Tauli-Corpuz highlighted the opportunities and risks that need to be navigated in the transition towards a fossil fuel-free future during an affiliate avent at the Global Climate Action Summit in San Francisco. The event highlighted work by the Right Energy Project, an international collaboration that aims to provide 50 million indigenous peoples with access to renewable energy by 2030. The project also advocates for renewable energy that respects human rights.
Energy is key for indigenous peoples achieving self-determined development, Tauli-Corpuz said during the panel. There’s a high demand for renewable energy projects in those communities, she added. But the U.N. special rapporteur noted an important caveat: “I have been to several countries where renewable energy projects are put in place but without consulting indigenous peoples, without involving them in planning, and without them benefiting from it.”
In the worst cases, indigenous leaders have been targeted and killed for their opposition to controversial energy projects billed as “renewable.” She pointed to the death of Honduran activist Berta Caceres, who was killed while mounting a campaign against a large hydroelectric dam. “This is one example of how to do it wrong, how to approach renewable energy projects in a deadly way,” Tauli-Corpuz said. She submitted a report to the Human Rights Council this month on the criminalization of indigenous peoples defending their rights.

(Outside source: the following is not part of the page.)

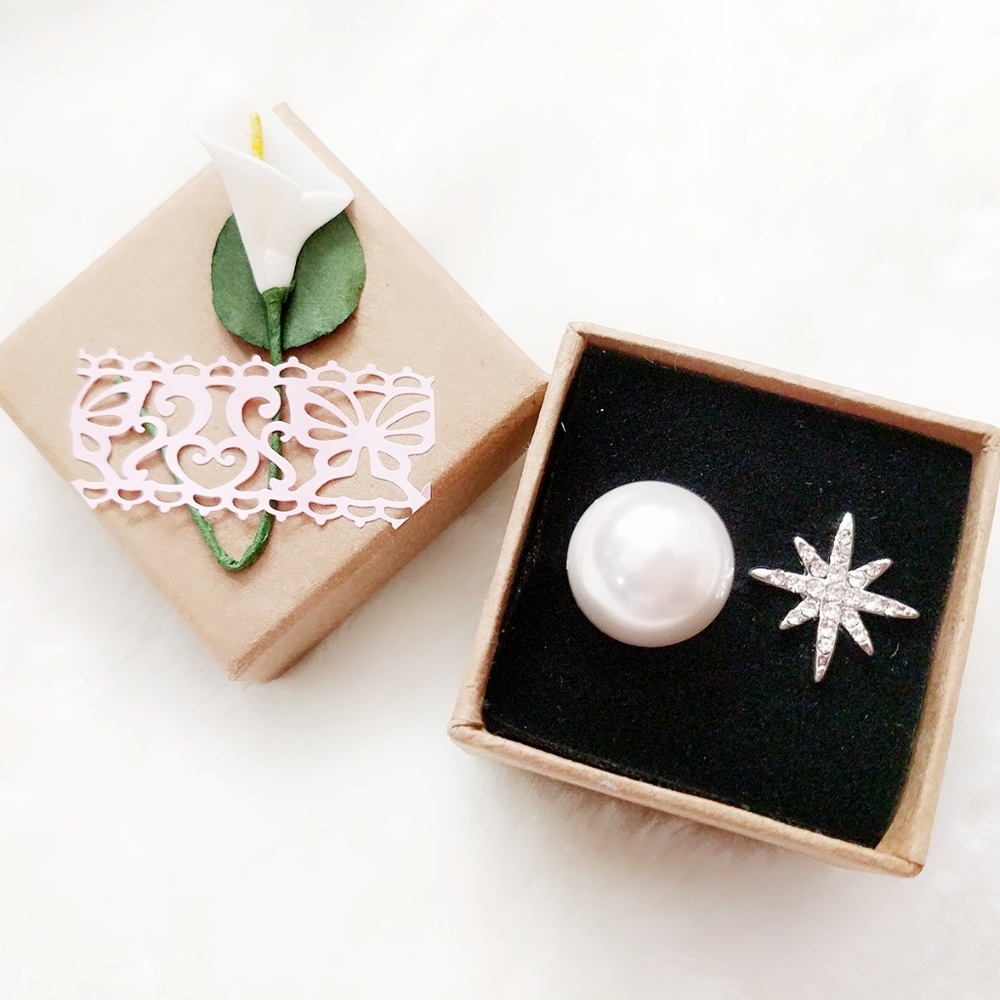 NEW Earrings with faux pearl and crystal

Tauli-Corpuz herself was accused of terrorism by the Government of the Philippines: “How will we get stronger solidarity when indigenous peoples are subjected to those kinds of treatments?” she asked.
Tauli-Corpuz said that a human rights-based approach to renewable energy means that local people are consulted and that free, prior and informed consent is obtained — the standard established in the United Nations’ International Declaration on the Rights of Indigenous People.

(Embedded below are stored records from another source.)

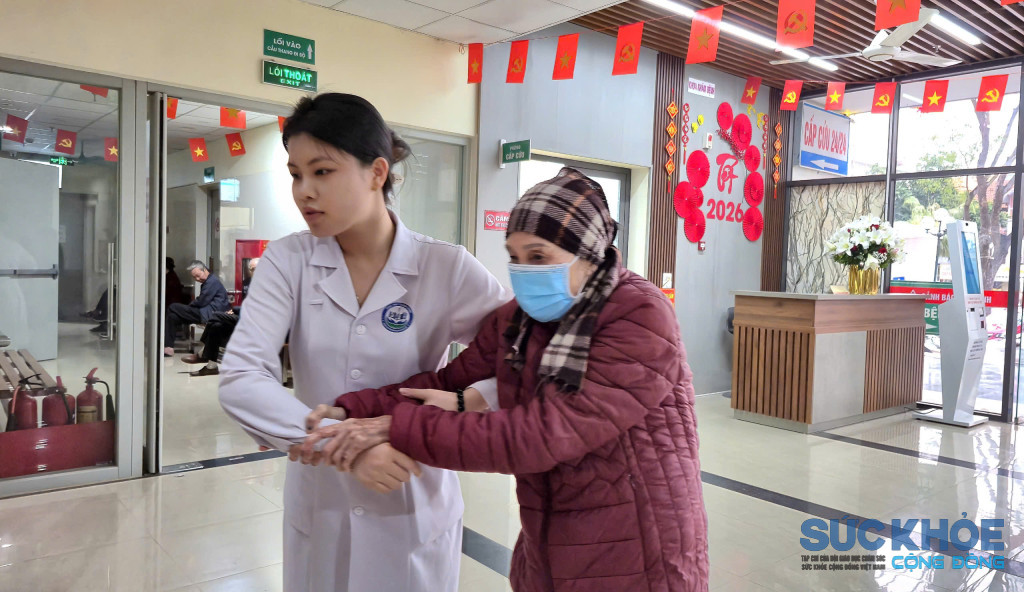 Phục vụ người bệnh tân tâm (ảnh:TL)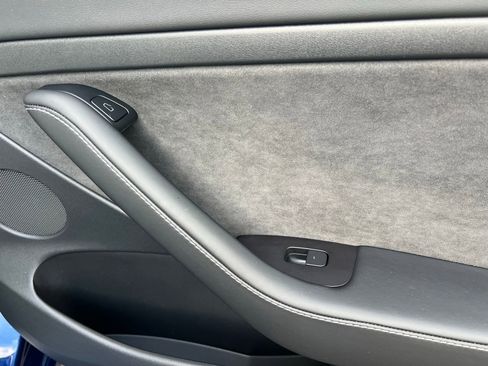 Used 2021 Tesla Model 3 Standard Range Plus image 46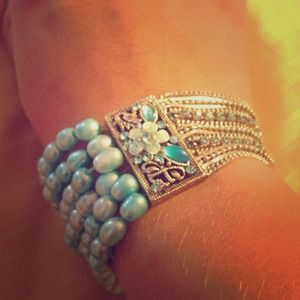 Pearl and silver blue bracelet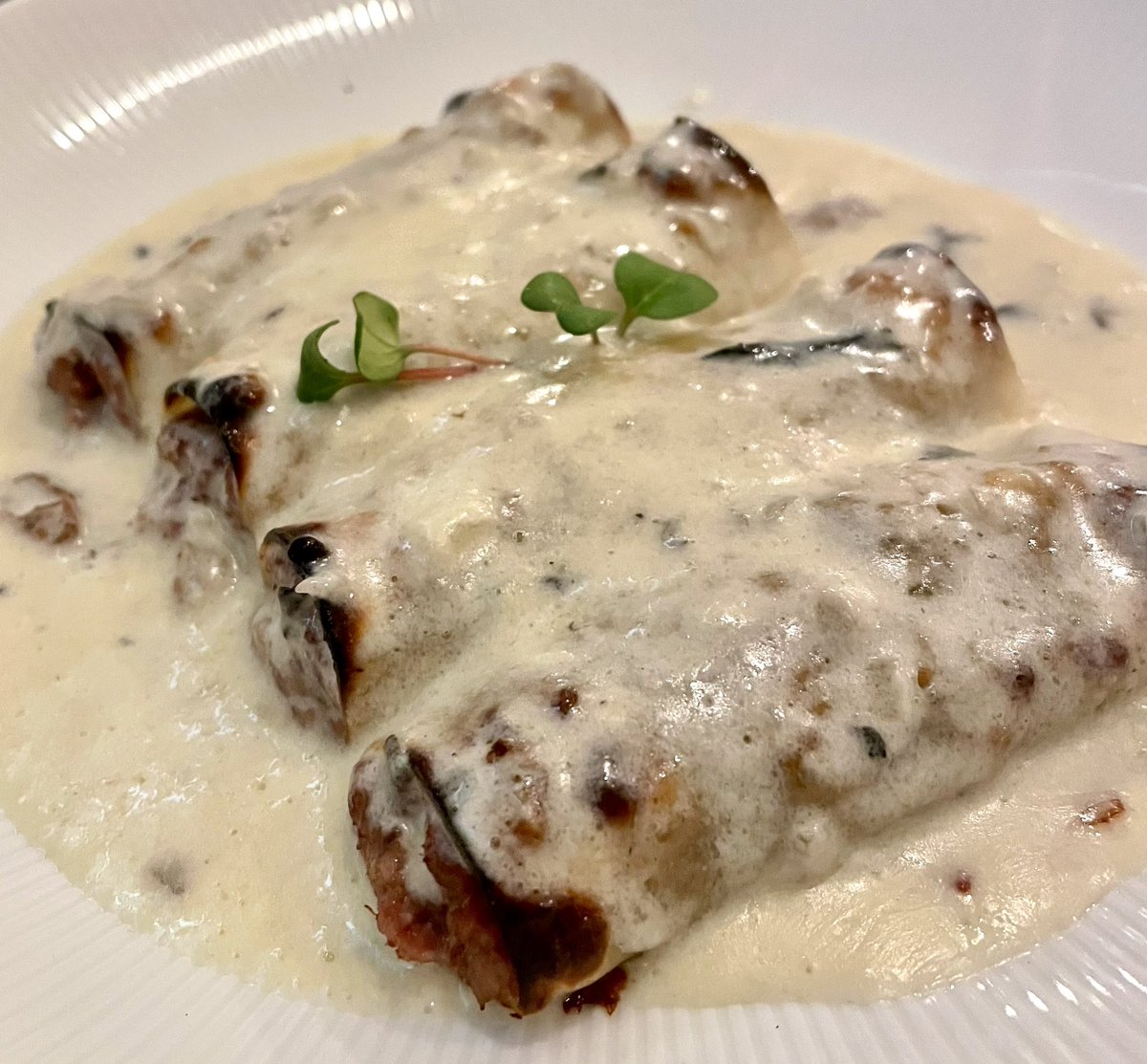 Asador La Vaquería. La coca de burrata y panceta de Joselito y los canelones de foie y salsa de setas son difícilmente superables. <a href="/asadorvaqueria/">Asador la Vaquería</a>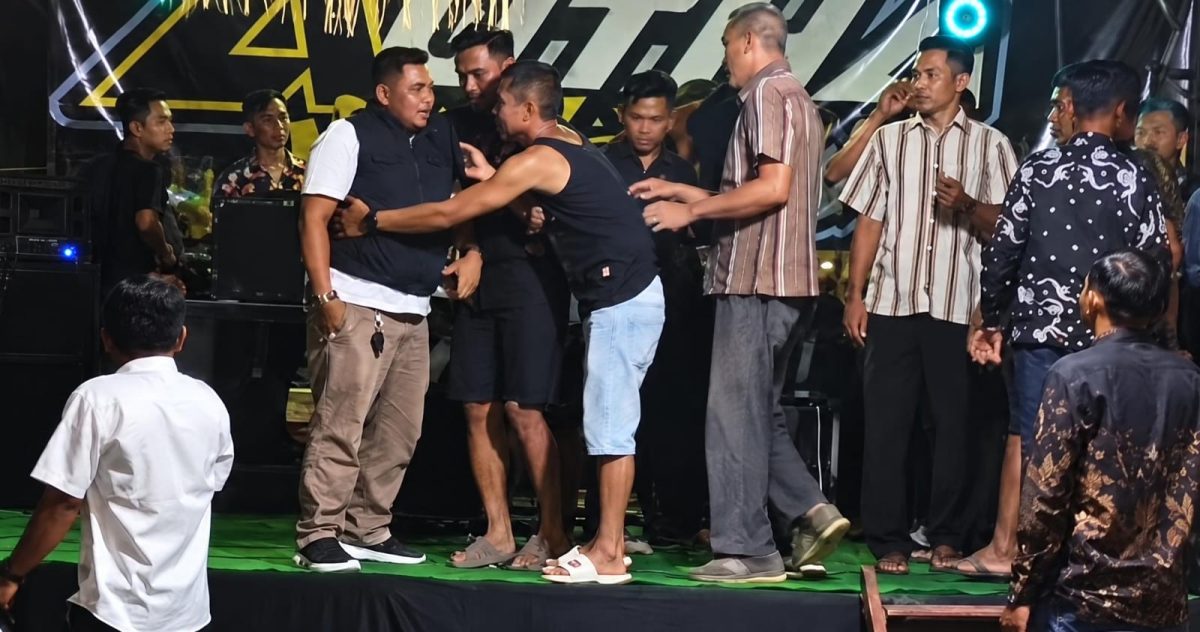 Pria mengenakan rompi hitam yang diduga terlibat dalam insiden keributan hingga dugaan pemukulan di atas panggung organ tunggal. Sosok tersebut disebut-sebut merupakan anggota DPRD Lampung Barat | ist/Media Prioritastv.com.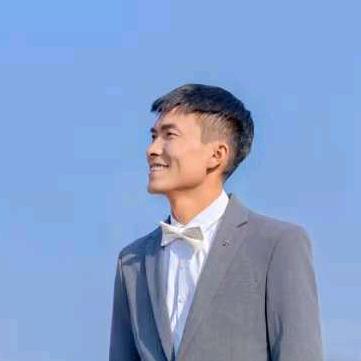 高伟.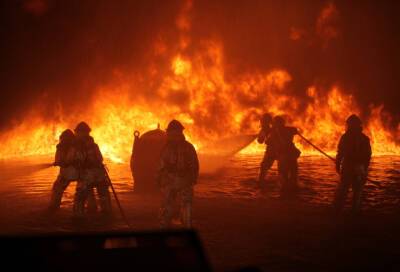 Пожарные спасли трех человек из горящей квартиры в Гатчине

Grist also asked Tauli-Corpuz what her hopes and expectations are as the Global Climate Action Summit unfolds.
She pointed to Tuesday’s announcement that foundations were committing $450 million for forest conservation and protection. The anti-deforestation efforts are supposed to boost indigenous peoples’ rights and opportunities in the process. “Donors said that indigenous peoples’ rights should be respected and violence against them should be stopped,” Tauli-Corpuz said.” For me as a rapporteur, I think those are very good indications.”

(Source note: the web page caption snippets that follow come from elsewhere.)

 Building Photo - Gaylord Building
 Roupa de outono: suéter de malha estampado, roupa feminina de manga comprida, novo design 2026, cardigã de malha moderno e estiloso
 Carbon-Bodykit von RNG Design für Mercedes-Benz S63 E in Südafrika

Still, Tauli-Corpuz will be keeping a close eye on how this shakes out: “How will we make sure these funds will go directly into the communities? In our experience, if there are announcements like that, big intermediaries come into the picture and eat up 80 percent of the budget and 20 percent only is left with the indigenous peoples.”
Finally, she pointed to the various partnerships between local governments, the private sector, foundations, and indigenous peoples: “Those are the areas which need much more work.” Throughout the week, indigenous activists are holding protests and coordinating their own programming to bring forth community-led solutions and demand participation in policy-making.